[Exercise input]:
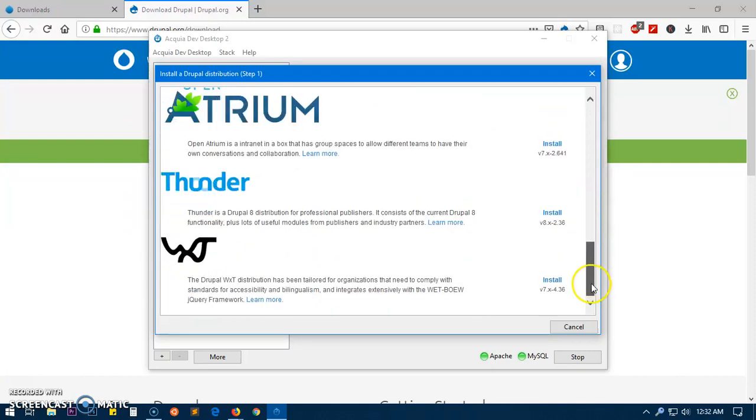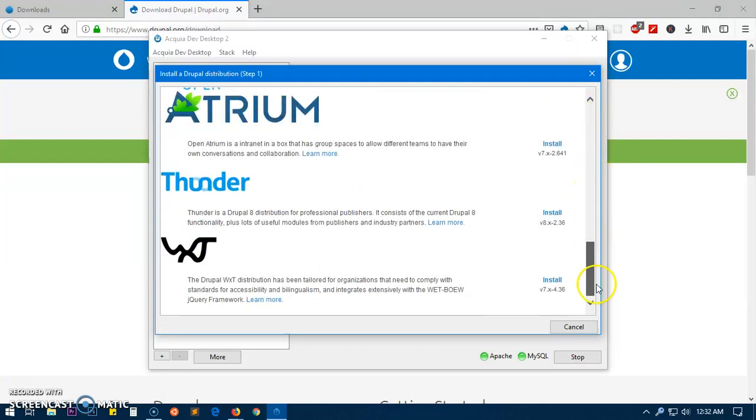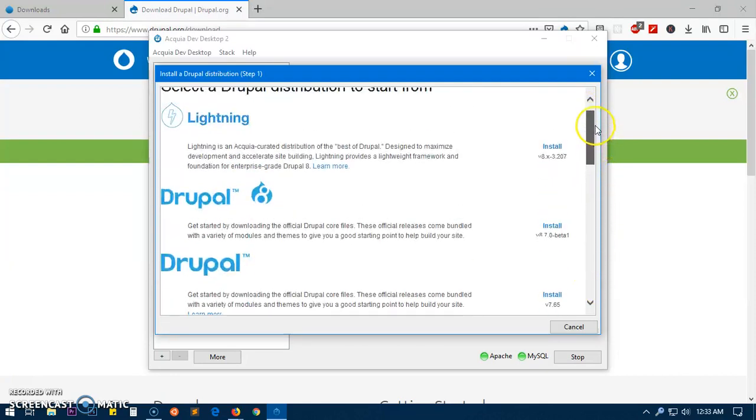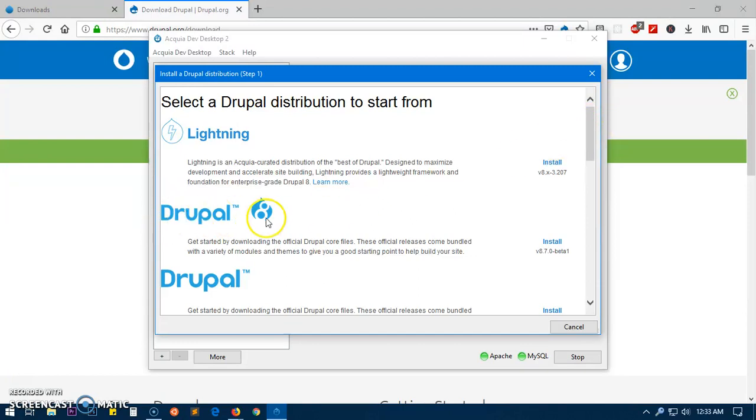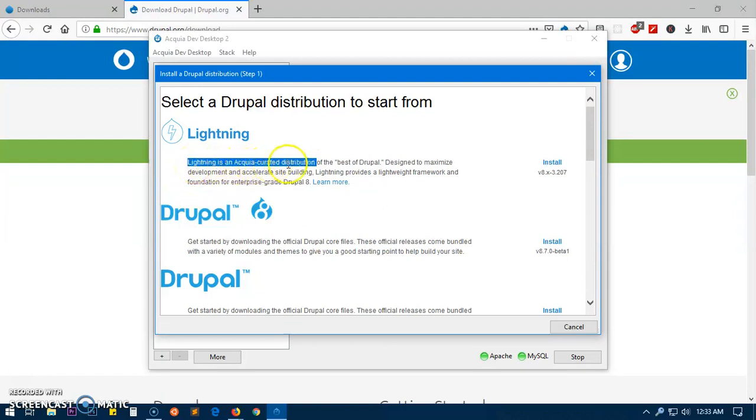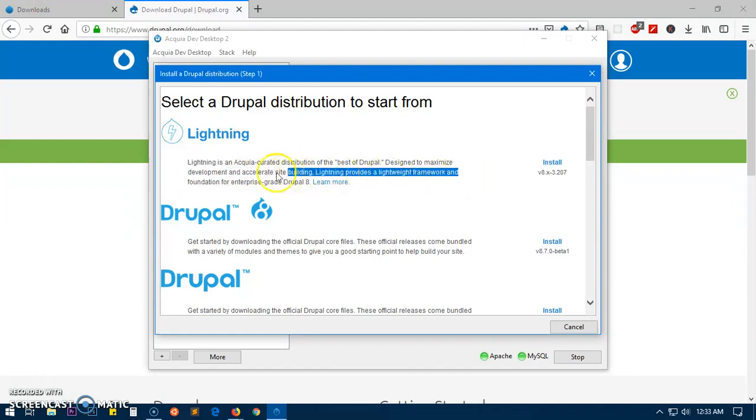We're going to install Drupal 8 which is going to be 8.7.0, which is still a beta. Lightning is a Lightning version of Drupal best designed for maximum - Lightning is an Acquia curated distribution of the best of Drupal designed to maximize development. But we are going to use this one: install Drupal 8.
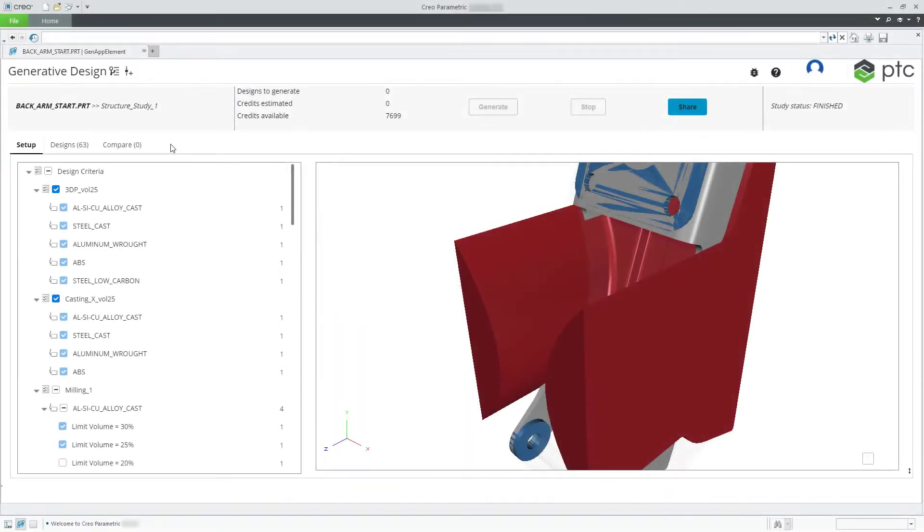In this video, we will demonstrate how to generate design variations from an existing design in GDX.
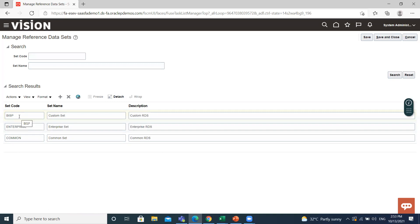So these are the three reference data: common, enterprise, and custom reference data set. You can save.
==
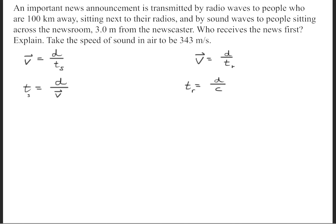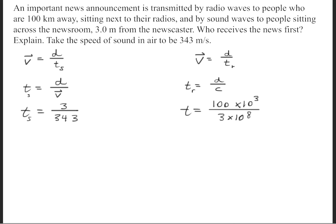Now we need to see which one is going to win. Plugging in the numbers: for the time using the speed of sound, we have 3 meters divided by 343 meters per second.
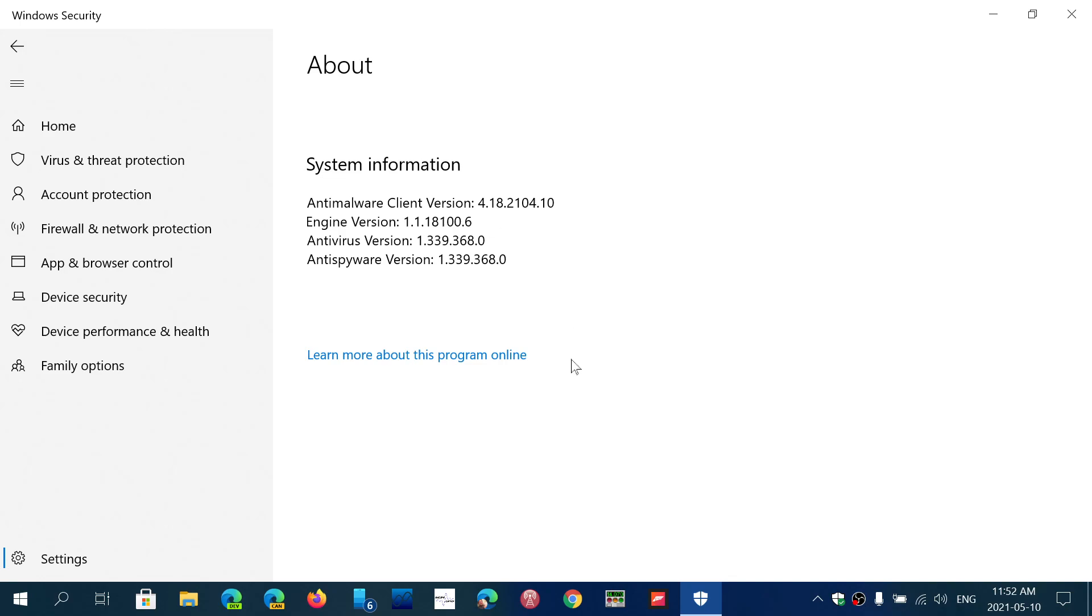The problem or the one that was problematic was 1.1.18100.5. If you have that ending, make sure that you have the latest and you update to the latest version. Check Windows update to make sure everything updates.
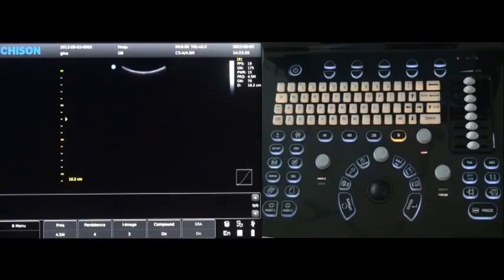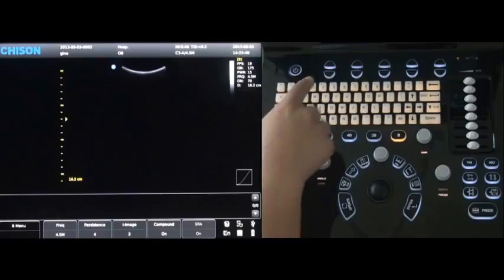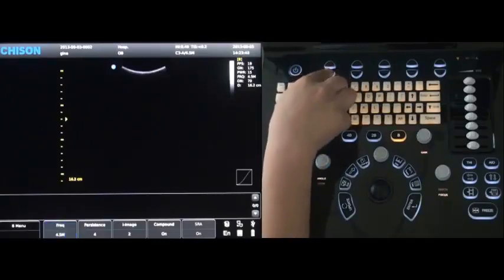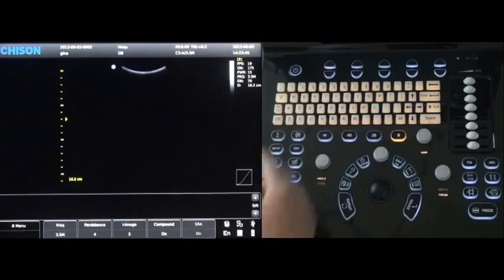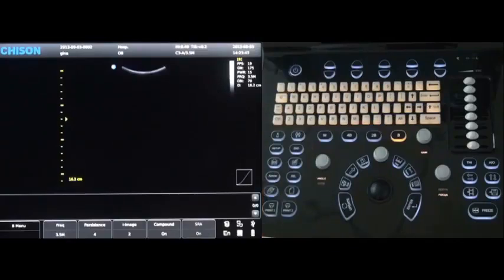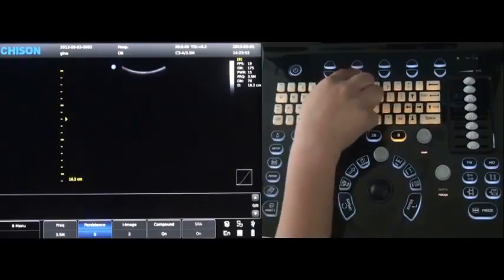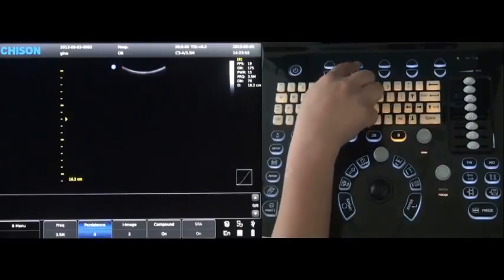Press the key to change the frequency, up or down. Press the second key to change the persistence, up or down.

[Exercise prompt]: Reproduce the lines above starting at the one with "The problem or" and ending at the one with "Press the key", both included, exactly and with no pictures.

[Response to the task]:
The problem or the one that was problematic was 1.1.18100.5. If you have that ending, make sure that you have the latest and you update to the latest version. Check Windows update to make sure everything updates.
Press the key to change the frequency, up or down. Press the second key to change the persistence, up or down.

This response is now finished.